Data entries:
= = = = = = =
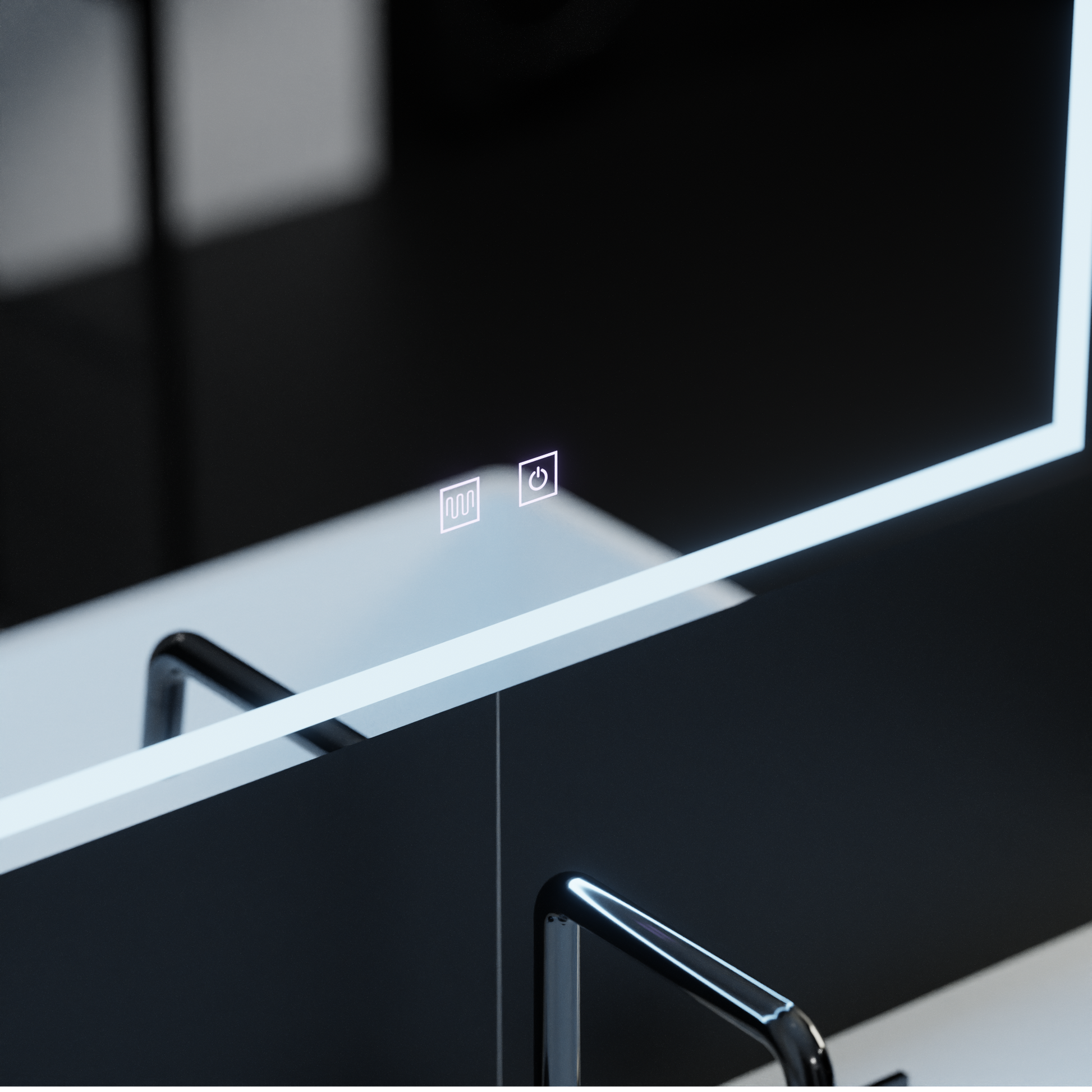 Rectangular LED mirror, 70x50cm, RADIANTE Touch, Demister System, Dimmable Bathroom mirror with LED and Demister Default Title Alessandro Design
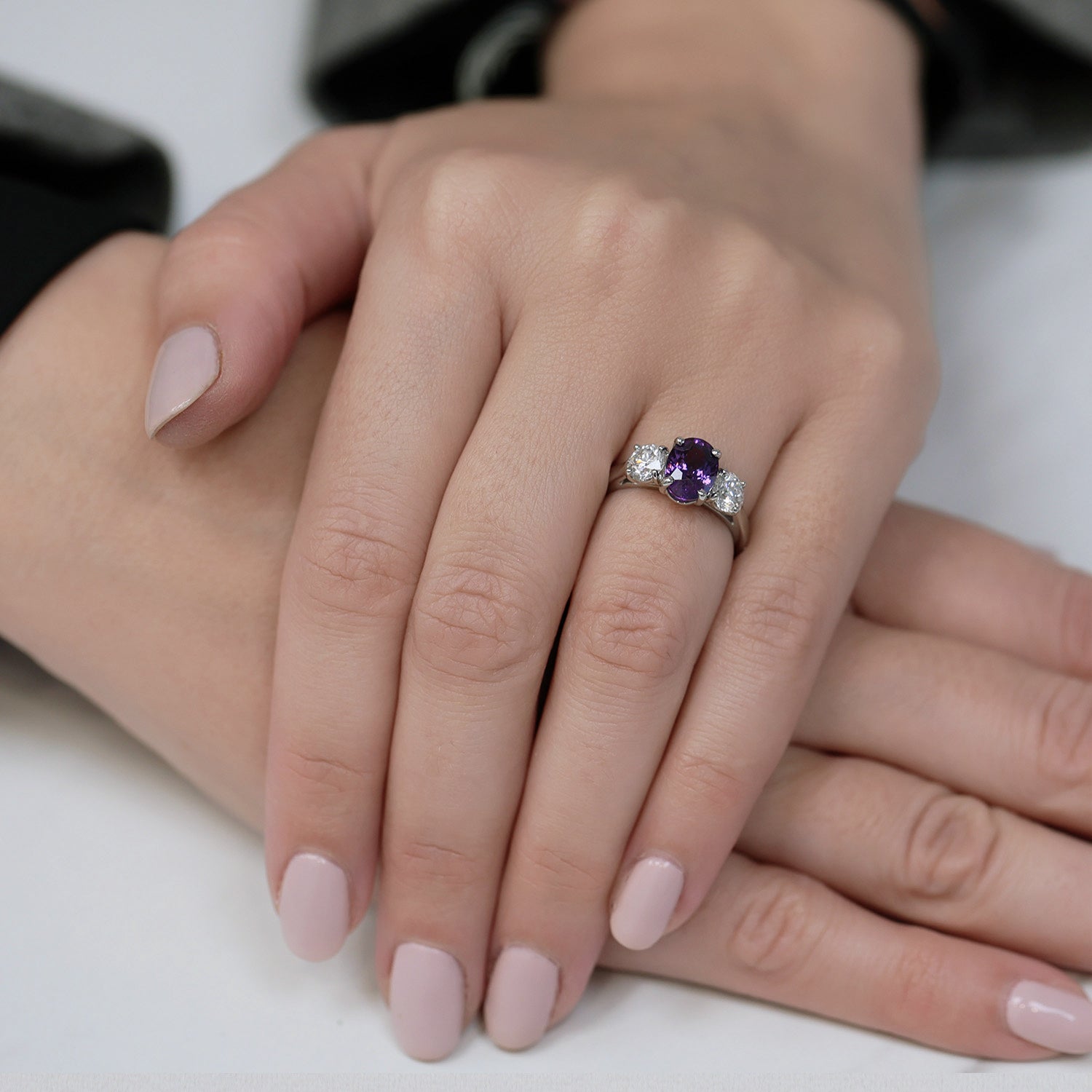 Berry's Platinum Oval Cut Purple Sapphire And Round Brilliant Cut Diamond Three Stone Ring - Berry's Jewellers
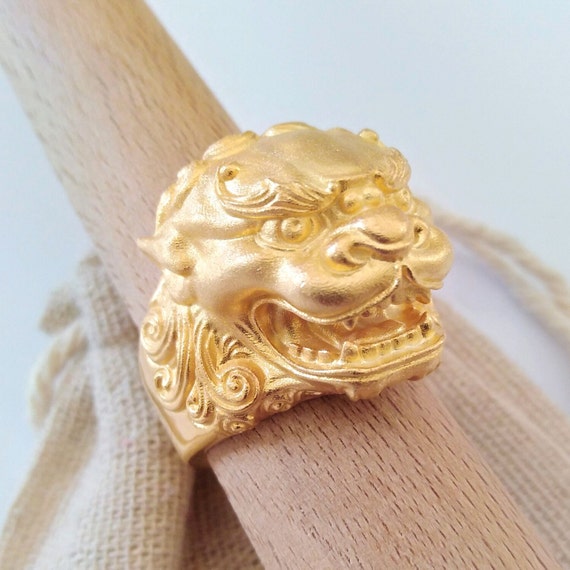 14K Yellow Gold Men's Lion Ring | Don Roberto Jewelers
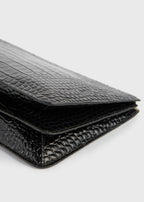 Threefold croco-embossed clutch black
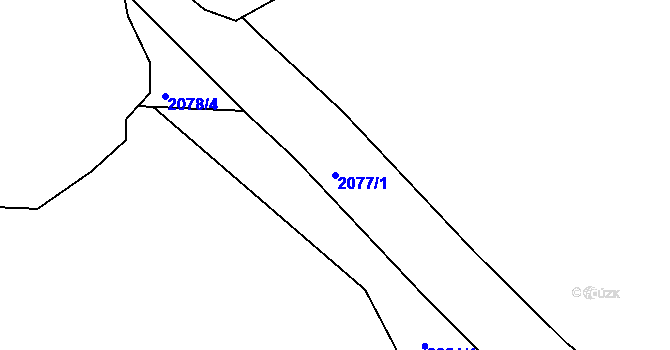Parcela st. 2077/1 v KÚ Roupov, Katastrální mapa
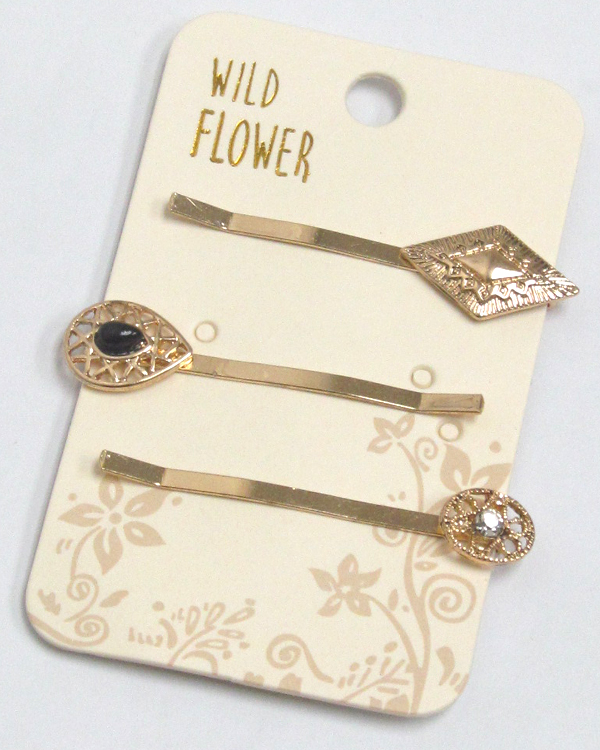 Boho style metal textured set of three hair pins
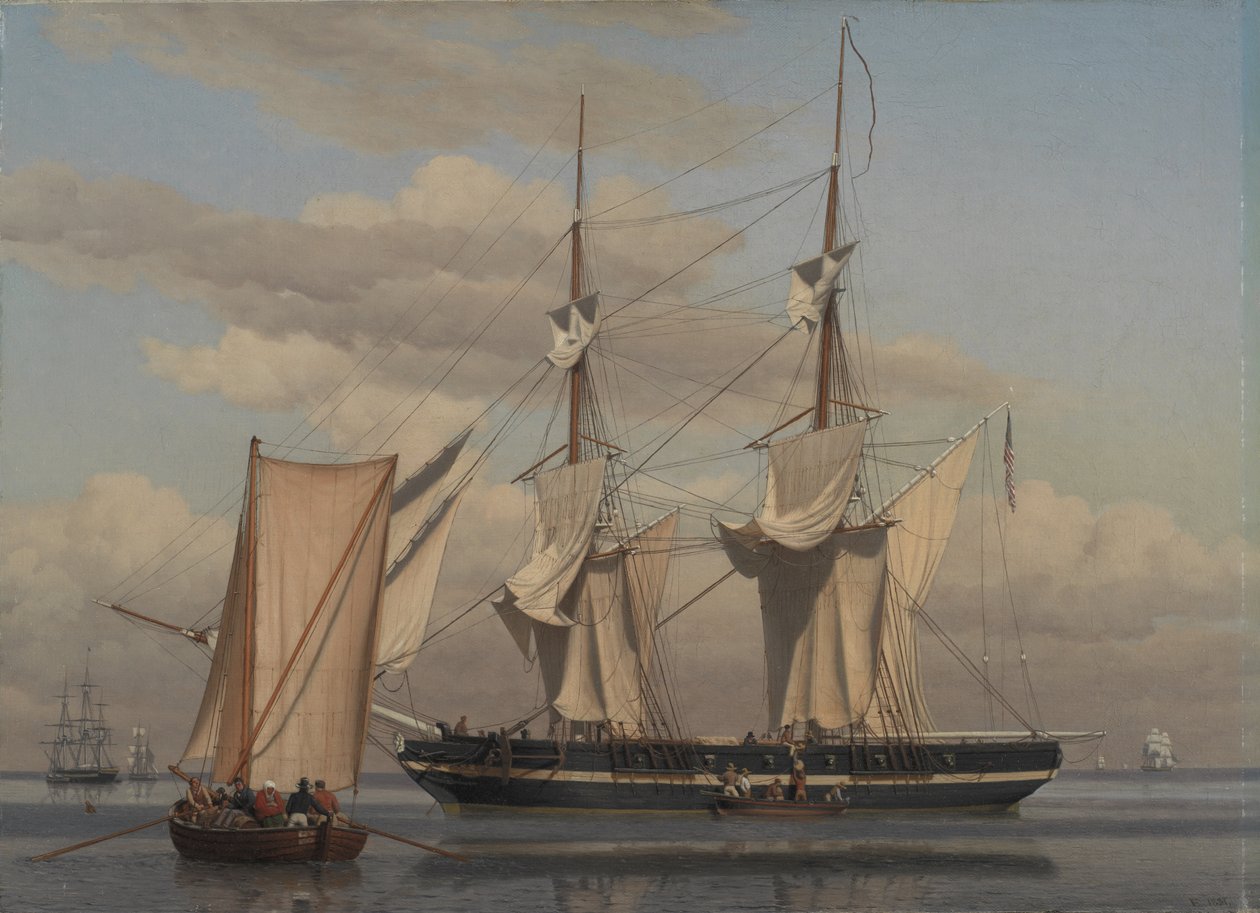 Ein amerikanischer Marinebrig liegt vor Anker, während ihre Segel trocknen von Christoffer Wilhelm Eckersberg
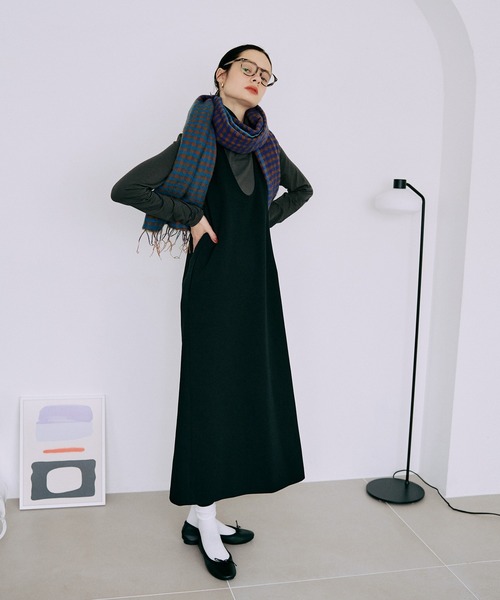 LA MARINE FRANCAISE(マリン フランセーズ)の「ジャージーUネックジャンスカ(ワンピース・レディース・ブラック/オリーブ・FREE)」の3枚目の写真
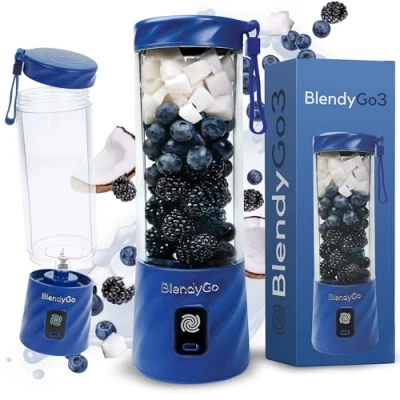 Afbeelding van BlendyGo 3® blender, smoothiemaker, kleine smoothieblender, draagbare mini USB mixer, Smoothie Maker to go, keukenmixer 550 ml, BPA vrij, PulseMotion en BlendPro techn. (Marine)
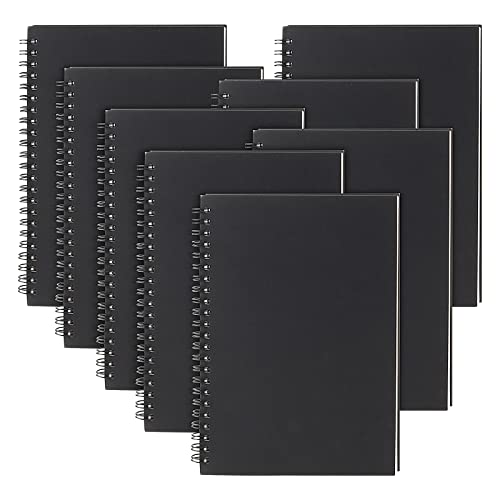 JAPCHET 8 Packs A5 Spiral Sketchbook, Black A5 Drawing Sketch Pad, A5 Lined Spiral Bound Notebook for Travel, Journaling, 60 Sheets/120 Pages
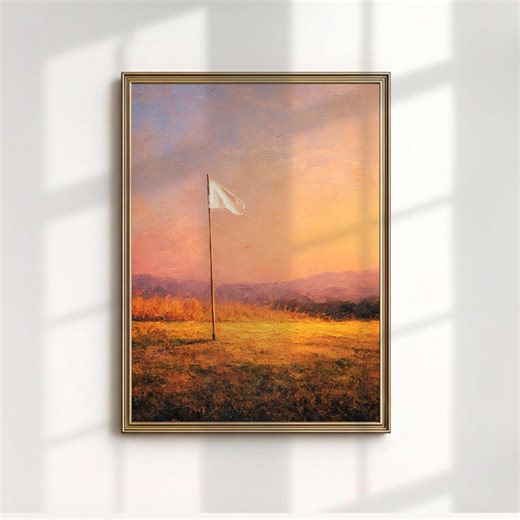 Golf Flagstick Poster, Sunset Course Wall Art, White Flag Oil Painting Print, Rustic Green Decor, Physical Print - Etsy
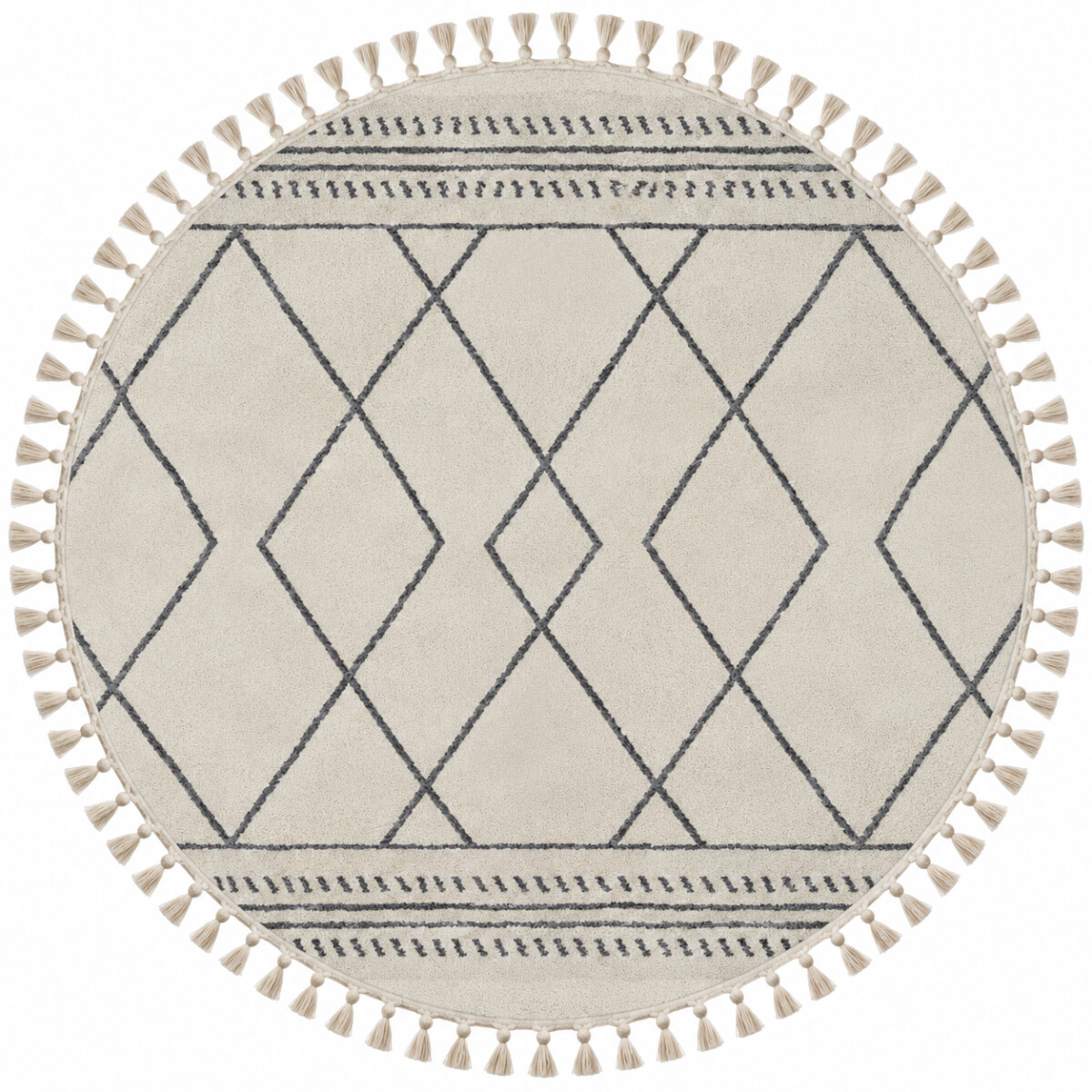 My Flair, Kusový koberec Moroccan Desert weiß/grau kruh, 140x140 (priemer) kruh, čiernobiela, obývacia izba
= = = = = = =
**Your task:**
Retype the lines exactly. Begin at the one that holds "Boho style metal", stop at the last line of the entries above, and drop the pictures.

**Answer for this exercise:**
 Boho style metal textured set of three hair pins
 Ein amerikanischer Marinebrig liegt vor Anker, während ihre Segel trocknen von Christoffer Wilhelm Eckersberg
 LA MARINE FRANCAISE(マリン フランセーズ)の「ジャージーUネックジャンスカ(ワンピース・レディース・ブラック/オリーブ・FREE)」の3枚目の写真
 Afbeelding van BlendyGo 3® blender, smoothiemaker, kleine smoothieblender, draagbare mini USB mixer, Smoothie Maker to go, keukenmixer 550 ml, BPA vrij, PulseMotion en BlendPro techn. (Marine)
 JAPCHET 8 Packs A5 Spiral Sketchbook, Black A5 Drawing Sketch Pad, A5 Lined Spiral Bound Notebook for Travel, Journaling, 60 Sheets/120 Pages
 Golf Flagstick Poster, Sunset Course Wall Art, White Flag Oil Painting Print, Rustic Green Decor, Physical Print - Etsy
 My Flair, Kusový koberec Moroccan Desert weiß/grau kruh, 140x140 (priemer) kruh, čiernobiela, obývacia izba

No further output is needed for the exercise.